Required action: Please set down all of the data below verbatim.

Records for the task:
>>>

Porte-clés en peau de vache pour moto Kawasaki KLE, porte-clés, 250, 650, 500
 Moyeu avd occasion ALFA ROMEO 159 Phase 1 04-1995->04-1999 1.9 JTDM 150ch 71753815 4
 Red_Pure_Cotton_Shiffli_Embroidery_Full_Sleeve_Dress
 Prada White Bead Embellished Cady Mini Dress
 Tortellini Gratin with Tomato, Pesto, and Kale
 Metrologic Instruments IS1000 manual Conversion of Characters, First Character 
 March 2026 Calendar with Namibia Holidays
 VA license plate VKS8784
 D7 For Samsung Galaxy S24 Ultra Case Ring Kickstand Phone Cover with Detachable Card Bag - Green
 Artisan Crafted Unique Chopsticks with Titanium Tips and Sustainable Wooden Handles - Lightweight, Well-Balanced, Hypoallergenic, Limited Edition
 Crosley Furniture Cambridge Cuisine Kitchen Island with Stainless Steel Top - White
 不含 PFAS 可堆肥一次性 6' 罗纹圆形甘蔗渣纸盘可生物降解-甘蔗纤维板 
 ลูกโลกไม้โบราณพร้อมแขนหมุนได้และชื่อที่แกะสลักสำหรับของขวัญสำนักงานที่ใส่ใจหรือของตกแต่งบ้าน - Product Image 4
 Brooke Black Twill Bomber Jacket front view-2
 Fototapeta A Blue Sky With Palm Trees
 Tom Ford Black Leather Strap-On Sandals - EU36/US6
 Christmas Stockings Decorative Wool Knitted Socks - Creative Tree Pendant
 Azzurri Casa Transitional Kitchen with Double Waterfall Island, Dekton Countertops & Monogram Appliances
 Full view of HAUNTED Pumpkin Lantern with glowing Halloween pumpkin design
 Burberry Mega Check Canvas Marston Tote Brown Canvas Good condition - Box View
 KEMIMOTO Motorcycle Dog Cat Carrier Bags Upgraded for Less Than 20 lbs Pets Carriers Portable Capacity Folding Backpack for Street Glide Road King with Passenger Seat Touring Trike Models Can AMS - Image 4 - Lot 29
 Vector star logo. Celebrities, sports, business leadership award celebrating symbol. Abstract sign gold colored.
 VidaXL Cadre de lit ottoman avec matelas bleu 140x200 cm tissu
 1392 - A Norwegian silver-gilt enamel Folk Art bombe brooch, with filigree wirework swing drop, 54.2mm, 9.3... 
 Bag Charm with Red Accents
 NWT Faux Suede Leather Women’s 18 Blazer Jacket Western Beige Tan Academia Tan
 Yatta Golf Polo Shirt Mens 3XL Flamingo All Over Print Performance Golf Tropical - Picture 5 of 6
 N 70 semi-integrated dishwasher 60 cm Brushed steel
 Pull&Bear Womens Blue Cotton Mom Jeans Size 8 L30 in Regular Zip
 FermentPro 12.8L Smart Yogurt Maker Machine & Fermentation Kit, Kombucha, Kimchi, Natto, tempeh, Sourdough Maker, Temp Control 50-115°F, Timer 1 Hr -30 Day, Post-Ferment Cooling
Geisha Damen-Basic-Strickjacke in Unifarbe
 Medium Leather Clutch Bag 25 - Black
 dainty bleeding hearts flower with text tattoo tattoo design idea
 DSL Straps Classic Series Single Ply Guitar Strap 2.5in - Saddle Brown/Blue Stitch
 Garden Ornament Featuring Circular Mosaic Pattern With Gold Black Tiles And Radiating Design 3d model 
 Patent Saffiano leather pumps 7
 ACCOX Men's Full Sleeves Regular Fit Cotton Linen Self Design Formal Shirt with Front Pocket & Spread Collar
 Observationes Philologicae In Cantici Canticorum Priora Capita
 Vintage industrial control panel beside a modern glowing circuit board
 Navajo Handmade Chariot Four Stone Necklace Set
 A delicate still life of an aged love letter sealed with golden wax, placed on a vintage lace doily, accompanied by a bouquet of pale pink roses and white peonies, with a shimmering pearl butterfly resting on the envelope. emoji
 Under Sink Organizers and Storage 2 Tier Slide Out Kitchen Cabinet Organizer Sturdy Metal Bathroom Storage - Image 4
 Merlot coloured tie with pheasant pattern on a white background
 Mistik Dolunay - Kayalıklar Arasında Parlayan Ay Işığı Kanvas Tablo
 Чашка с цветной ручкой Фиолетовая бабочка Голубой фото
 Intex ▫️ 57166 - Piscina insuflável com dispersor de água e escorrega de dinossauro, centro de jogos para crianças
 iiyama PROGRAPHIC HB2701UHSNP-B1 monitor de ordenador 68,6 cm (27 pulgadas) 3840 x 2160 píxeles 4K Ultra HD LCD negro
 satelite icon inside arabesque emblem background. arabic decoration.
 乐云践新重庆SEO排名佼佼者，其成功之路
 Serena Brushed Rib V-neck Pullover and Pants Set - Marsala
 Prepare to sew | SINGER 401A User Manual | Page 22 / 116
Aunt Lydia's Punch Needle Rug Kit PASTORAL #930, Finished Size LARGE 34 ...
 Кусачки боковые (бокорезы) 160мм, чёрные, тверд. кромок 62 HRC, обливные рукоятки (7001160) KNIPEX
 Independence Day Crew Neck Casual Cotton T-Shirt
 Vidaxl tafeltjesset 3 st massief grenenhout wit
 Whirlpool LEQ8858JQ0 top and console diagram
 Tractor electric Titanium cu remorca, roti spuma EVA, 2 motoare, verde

<<<

Exercise solution:
Porte-clés en peau de vache pour moto Kawasaki KLE, porte-clés, 250, 650, 500
 Moyeu avd occasion ALFA ROMEO 159 Phase 1 04-1995->04-1999 1.9 JTDM 150ch 71753815 4
 Red_Pure_Cotton_Shiffli_Embroidery_Full_Sleeve_Dress
 Prada White Bead Embellished Cady Mini Dress
 Tortellini Gratin with Tomato, Pesto, and Kale
 Metrologic Instruments IS1000 manual Conversion of Characters, First Character 
 March 2026 Calendar with Namibia Holidays
 VA license plate VKS8784
 D7 For Samsung Galaxy S24 Ultra Case Ring Kickstand Phone Cover with Detachable Card Bag - Green
 Artisan Crafted Unique Chopsticks with Titanium Tips and Sustainable Wooden Handles - Lightweight, Well-Balanced, Hypoallergenic, Limited Edition
 Crosley Furniture Cambridge Cuisine Kitchen Island with Stainless Steel Top - White
 不含 PFAS 可堆肥一次性 6' 罗纹圆形甘蔗渣纸盘可生物降解-甘蔗纤维板 
 ลูกโลกไม้โบราณพร้อมแขนหมุนได้และชื่อที่แกะสลักสำหรับของขวัญสำนักงานที่ใส่ใจหรือของตกแต่งบ้าน - Product Image 4
 Brooke Black Twill Bomber Jacket front view-2
 Fototapeta A Blue Sky With Palm Trees
 Tom Ford Black Leather Strap-On Sandals - EU36/US6
 Christmas Stockings Decorative Wool Knitted Socks - Creative Tree Pendant
 Azzurri Casa Transitional Kitchen with Double Waterfall Island, Dekton Countertops & Monogram Appliances
 Full view of HAUNTED Pumpkin Lantern with glowing Halloween pumpkin design
 Burberry Mega Check Canvas Marston Tote Brown Canvas Good condition - Box View
 KEMIMOTO Motorcycle Dog Cat Carrier Bags Upgraded for Less Than 20 lbs Pets Carriers Portable Capacity Folding Backpack for Street Glide Road King with Passenger Seat Touring Trike Models Can AMS - Image 4 - Lot 29
 Vector star logo. Celebrities, sports, business leadership award celebrating symbol. Abstract sign gold colored.
 VidaXL Cadre de lit ottoman avec matelas bleu 140x200 cm tissu
 1392 - A Norwegian silver-gilt enamel Folk Art bombe brooch, with filigree wirework swing drop, 54.2mm, 9.3... 
 Bag Charm with Red Accents
 NWT Faux Suede Leather Women’s 18 Blazer Jacket Western Beige Tan Academia Tan
 Yatta Golf Polo Shirt Mens 3XL Flamingo All Over Print Performance Golf Tropical - Picture 5 of 6
 N 70 semi-integrated dishwasher 60 cm Brushed steel
 Pull&Bear Womens Blue Cotton Mom Jeans Size 8 L30 in Regular Zip
 FermentPro 12.8L Smart Yogurt Maker Machine & Fermentation Kit, Kombucha, Kimchi, Natto, tempeh, Sourdough Maker, Temp Control 50-115°F, Timer 1 Hr -30 Day, Post-Ferment Cooling
Geisha Damen-Basic-Strickjacke in Unifarbe
 Medium Leather Clutch Bag 25 - Black
 dainty bleeding hearts flower with text tattoo tattoo design idea
 DSL Straps Classic Series Single Ply Guitar Strap 2.5in - Saddle Brown/Blue Stitch
 Garden Ornament Featuring Circular Mosaic Pattern With Gold Black Tiles And Radiating Design 3d model 
 Patent Saffiano leather pumps 7
 ACCOX Men's Full Sleeves Regular Fit Cotton Linen Self Design Formal Shirt with Front Pocket & Spread Collar
 Observationes Philologicae In Cantici Canticorum Priora Capita
 Vintage industrial control panel beside a modern glowing circuit board
 Navajo Handmade Chariot Four Stone Necklace Set
 A delicate still life of an aged love letter sealed with golden wax, placed on a vintage lace doily, accompanied by a bouquet of pale pink roses and white peonies, with a shimmering pearl butterfly resting on the envelope. emoji
 Under Sink Organizers and Storage 2 Tier Slide Out Kitchen Cabinet Organizer Sturdy Metal Bathroom Storage - Image 4
 Merlot coloured tie with pheasant pattern on a white background
 Mistik Dolunay - Kayalıklar Arasında Parlayan Ay Işığı Kanvas Tablo
 Чашка с цветной ручкой Фиолетовая бабочка Голубой фото
 Intex ▫️ 57166 - Piscina insuflável com dispersor de água e escorrega de dinossauro, centro de jogos para crianças
 iiyama PROGRAPHIC HB2701UHSNP-B1 monitor de ordenador 68,6 cm (27 pulgadas) 3840 x 2160 píxeles 4K Ultra HD LCD negro
 satelite icon inside arabesque emblem background. arabic decoration.
 乐云践新重庆SEO排名佼佼者，其成功之路
 Serena Brushed Rib V-neck Pullover and Pants Set - Marsala
 Prepare to sew | SINGER 401A User Manual | Page 22 / 116
Aunt Lydia's Punch Needle Rug Kit PASTORAL #930, Finished Size LARGE 34 ...
 Кусачки боковые (бокорезы) 160мм, чёрные, тверд. кромок 62 HRC, обливные рукоятки (7001160) KNIPEX
 Independence Day Crew Neck Casual Cotton T-Shirt
 Vidaxl tafeltjesset 3 st massief grenenhout wit
 Whirlpool LEQ8858JQ0 top and console diagram
 Tractor electric Titanium cu remorca, roti spuma EVA, 2 motoare, verde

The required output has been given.